■ PROVIDED MATERIAL
= = = = = = =

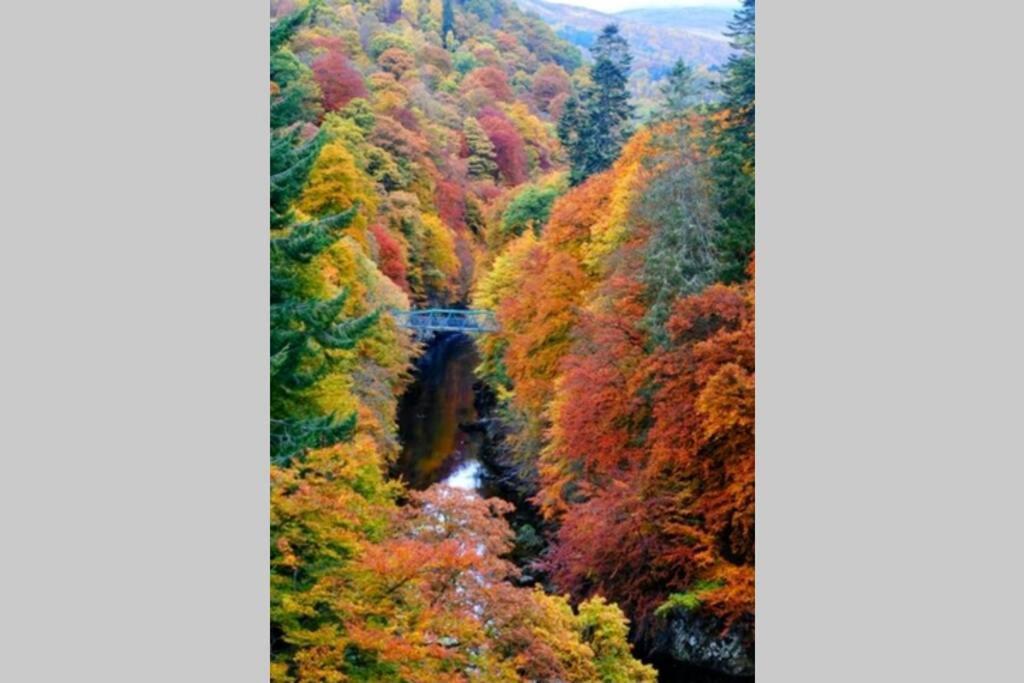 Beautiful 2 Bedroom, 2 Bathroom Flat With Parking. Pitlochry Extérieur photo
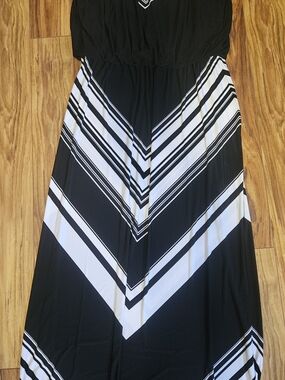 Maurices Black and White Chevron Maxi Dress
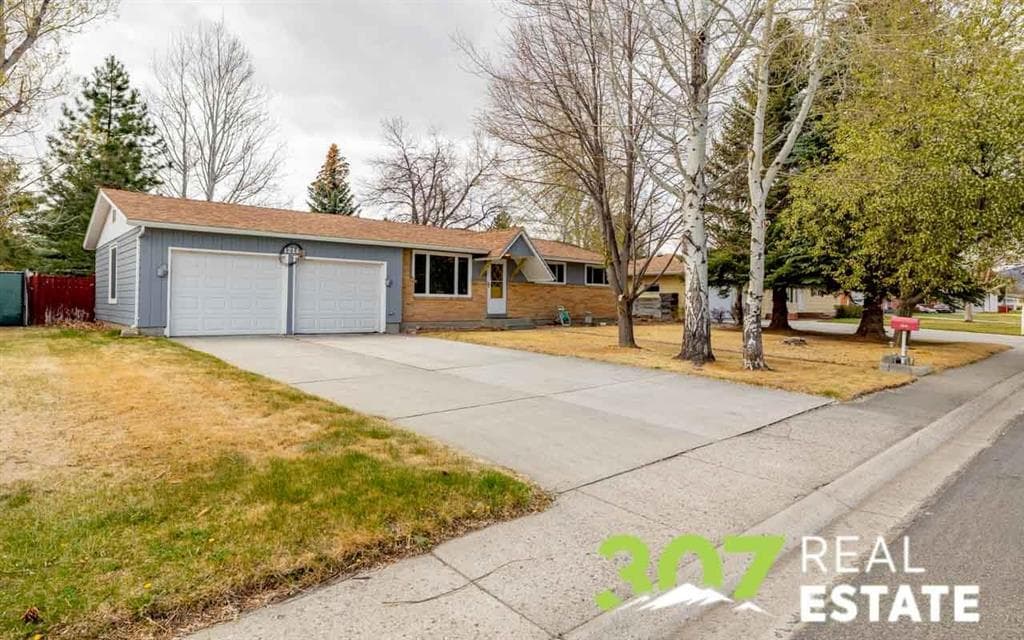 1214 Stampede Ave — photo 23 of 25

= = = = = = =

■ WHAT THE TASK REQUIRES
Word for word, repeat all the data, but not its images.

■ OUTPUT FOR THIS EXERCISE
 Beautiful 2 Bedroom, 2 Bathroom Flat With Parking. Pitlochry Extérieur photo
 Maurices Black and White Chevron Maxi Dress
 1214 Stampede Ave — photo 23 of 25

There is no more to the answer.